Com’è stato il tuo ultimo triennio?

«È stato positivo, anche se ho perso molte partite. Sono scesa molto nel ranking, ma in classe 3 non è facile mantenersi al vertice. C’è una grande concorrenza e ci sono sempre molte atlete in tutti i tornei. Sono comunque contenta di ciò che fatto, mi sono sempre preparata con impegno e anche a Parigi sarò pronta a dare il mio massimo. Essere la n. 11 in classifica non facilita le cose. Quel che è certo è che andrò in campo serena e spero di avere anche un po’ di fortuna con il sorteggio».

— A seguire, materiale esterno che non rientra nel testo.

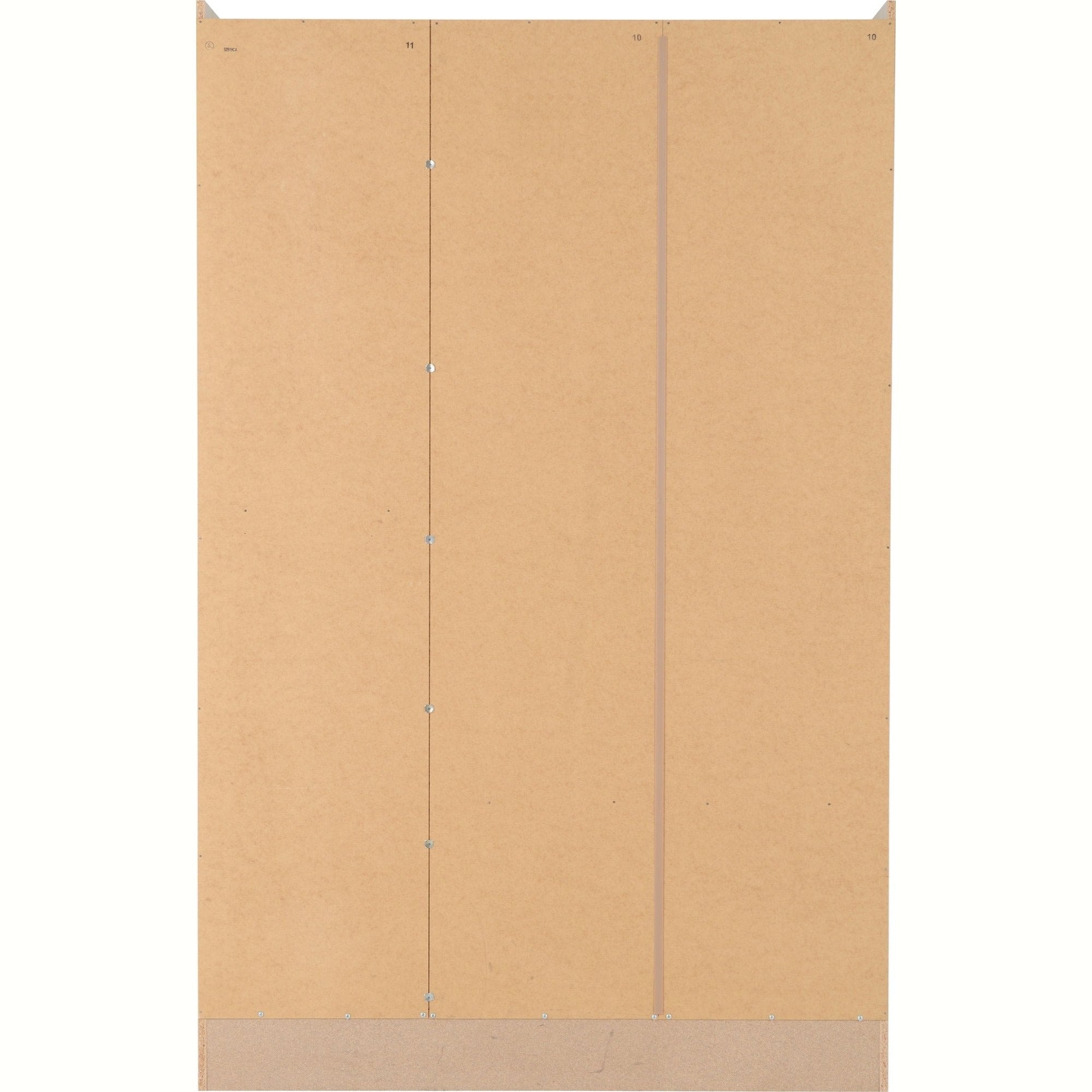 Nevada 3 Door 2 Drawer Wardrobe - Oyster Gloss/Light Oak Effect Veneer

Sei contenta di partire con i doppi?

«Sì con Giada formiano una coppia molto affiatata e punteremo a un bel risultato. Già ai Mondiali quella vittoria ci aveva dato la carica per affrontare nel modo migliore i singolari. Il doppio è una specialità che mi piace e sono contenta che negli ultimi anni sia stato introdotto al posto delle squadre. Consente anche di vincere più medaglie. Essendoci sia il femminile sia il misto, potenzialmente, con il singolare, si può arrivare a quota tre».

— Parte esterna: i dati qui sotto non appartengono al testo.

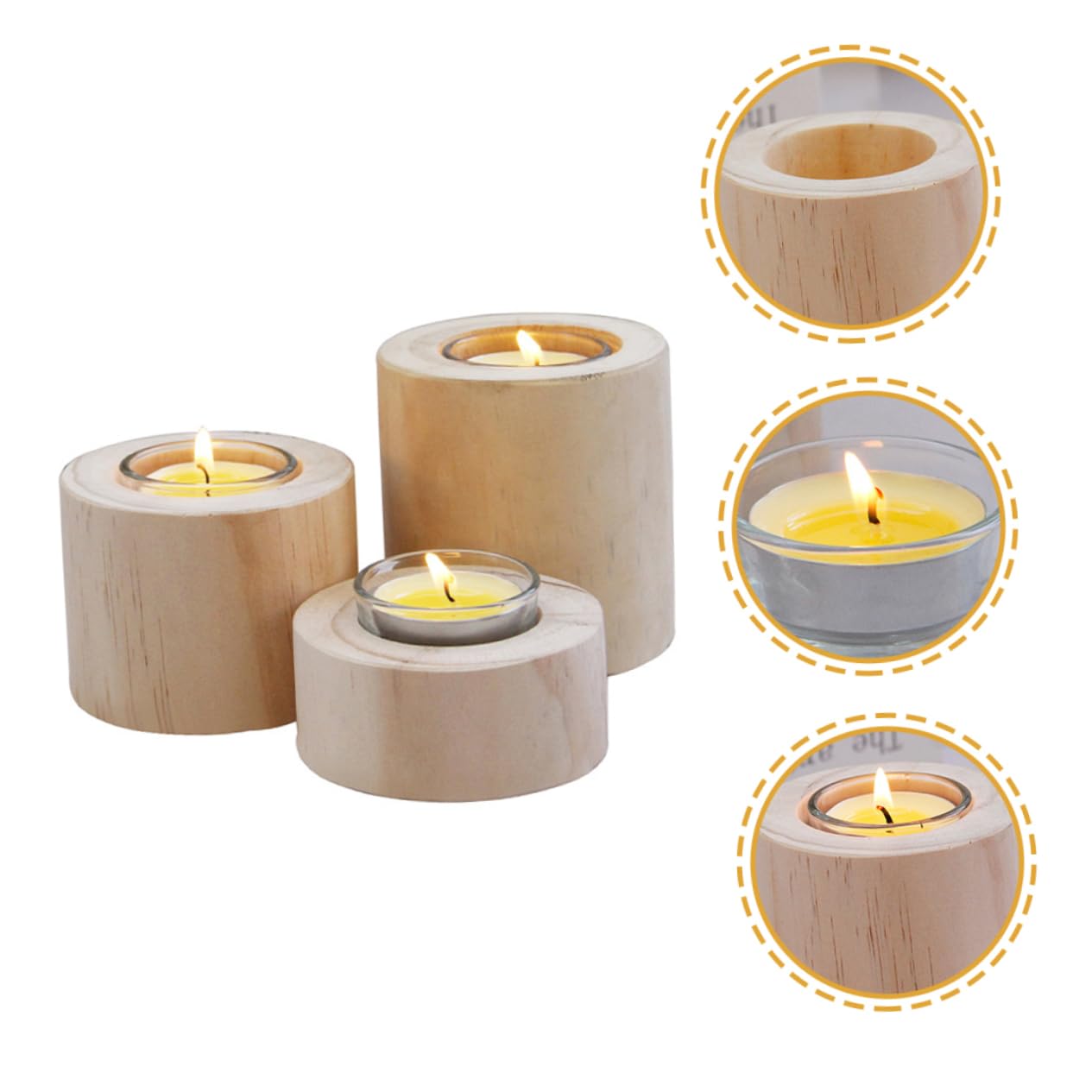 STOBAZA 3pcs Wooden Candle Holder Set Rustic Style Table Candlestick Holders for Dinner Romantic Decor for Weddings Anniversaries Valentine Day and Home Use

Il doppio ti ha permesso di qualificarti a Parigi.

«In effetti con il ranking non ce l’avevo fatta, però va anche detto che ho lavorato molto per guadagnarmi questa seconda chance, non per nulla con Giada siamo la seconda coppia in classe WD5, alle spalle delle coreane, e siamo le campionesse del mondo in carica. A 50 anni è una bella soddisfazione giocarmela ancora con tutte le migliori. Partiremo dai quarti e non troveremo la Cina fino alle semifinali e la Corea fino alla finale. Le coreane sono le favorite, hanno Yoon Jiyu che ha un gioco di notevole potenza, simile a quello maschile, e Seo Su Yeon che è molto regolare, reagisce bene alle palle tagliate, è alta e arriva dappertutto».

All’ultimo Open in Thailandia hai tagliato il traguardo pazzesco delle mille partite internazionali in carriera, te ne eri resa conto?

«Con Alessandro Arcigli già a inizio 2024 ne avevamo parlato. Ero consapevole che ero vicina, poi sono iniziati i tornei e il pensiero mi è un po’ passato di mente. A Pattaya è stata proprio una bella sorpresa, molto riuscita. Alessandro ci ha chiamato in una riunione e ha assunto inizialmente un tono severo. Dopo un po’ tutti si sono lasciati andare a un sorriso e mi hanno consegnato uno striscione celebrativo, che conserverò fra i miei ricordi più belli. Ancora in attività non c’è nessun atleta, uomo o donna, che sia arrivato a 1.000 incontri. Fra l’altro ho vinto quella millesima partita contro una thailandese e ho conquistato il 125° podio in giro per il mondo. Un bilancio molto soddisfacente di questi 27 anni trascorsi in maglia azzurra. Ora sono la capitana della Nazionale e ne sono estremamente orgogliosa».

A raccontare i retroscena è il dt Arcigli.

«Lei non aveva nessuna idea perché non aveva mai fatto i conti, mentre io e i suoi compagni di squadra tenevamo il conto da un anno e, infatti, Giada aveva preparato lo striscione. L'idea era quella di aspettare la fine della partita per tirare fuori lo striscione in mezzo al campo, fortunatamente, però, gli atleti erano tutti impegnati in finali e semifinali. Serviva quindi un piano B e la finta riunione è sembrata a tutti una buona idea. Volevo tirarla più alle lunghe, ma dopo tre minuti tutti siamo scoppiati a ridere e abbiamo tirato fuori lo striscione, lasciando Michela a bocca aperta».

Michela, torniamo a te, hai già pensato a cosa accadrà dopo Parigi?

«No, ora mi concentro sulle gare dei Giochi, poi ci penserò. C’è la voglia di lasciare, per rilassarmi, rimanere più a casa e dedicarmi anche ad altre cose, dall’altra parte la voglia di rimanere con i miei compagni è grande e la passione è sempre la stessa. La bilancia è in bilico. Impegnarmi per un altro quadriennio richiederà un’attenta riflessione. Se anche non andassi più avanti con la Nazionale, non appenderei comunque la racchetta al chiodo e proseguirei con l’attività in Italia. Il tennistavolo è la mia vita».